» **EXERCISE**
Would you please repeat exactly the entries below, starting at the line with "Building with wildflowers" and ending at the line with "Preview wallpaper forest, winter, sunset, trees, branches, snow", and nothing outside that range? Leave out the pictures.
(DATA begins)
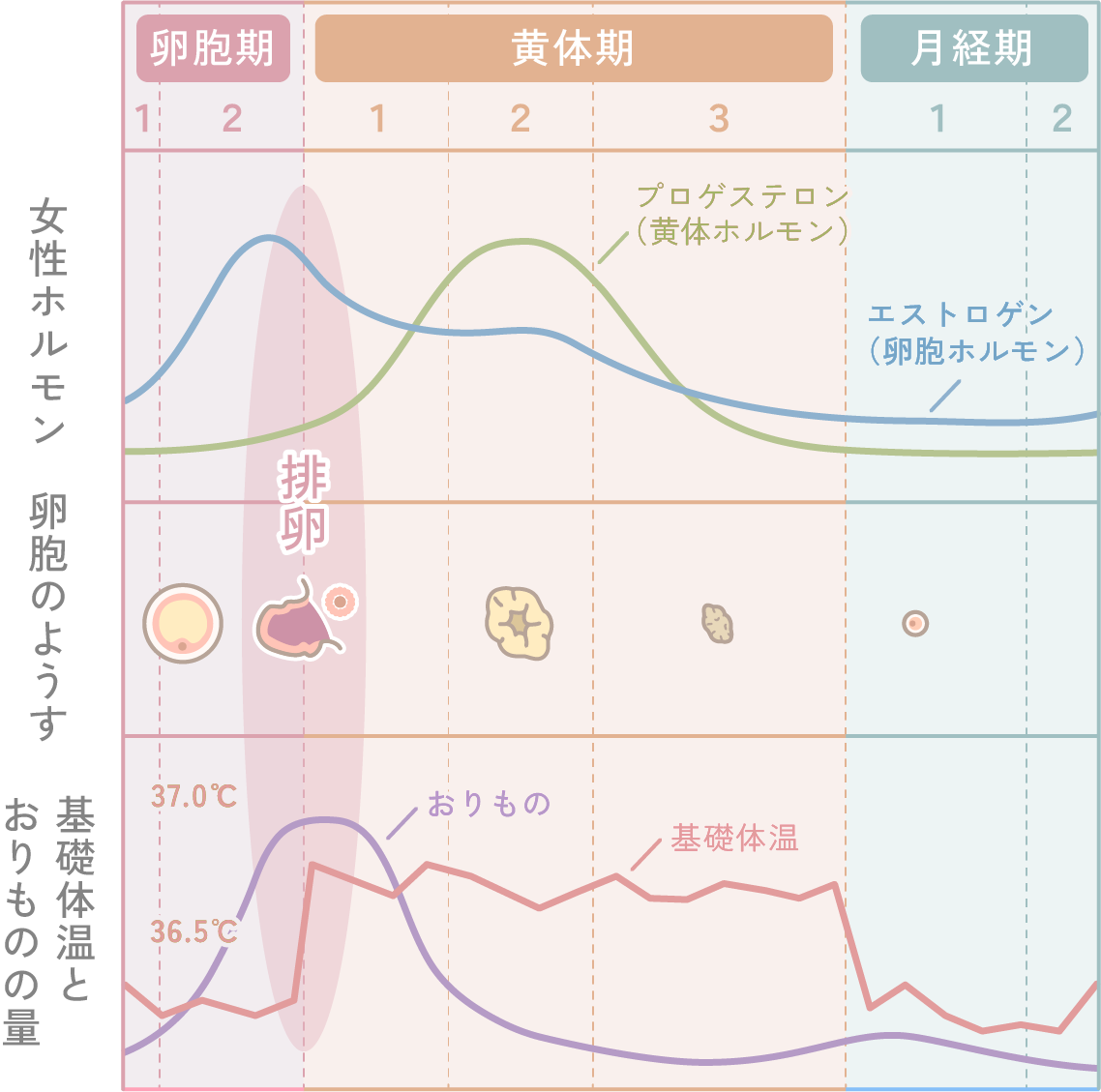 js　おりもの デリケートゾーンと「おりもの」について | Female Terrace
(DATA ends)
(DATA begins)
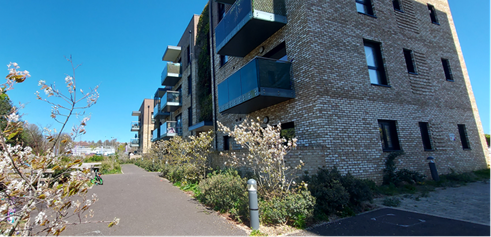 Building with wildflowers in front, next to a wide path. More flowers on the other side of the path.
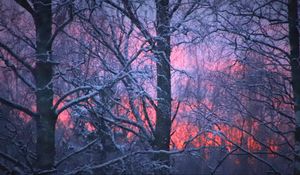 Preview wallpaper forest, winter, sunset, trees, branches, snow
(DATA ends)
» **FINAL ANSWER**
 Building with wildflowers in front, next to a wide path. More flowers on the other side of the path.
 Preview wallpaper forest, winter, sunset, trees, branches, snow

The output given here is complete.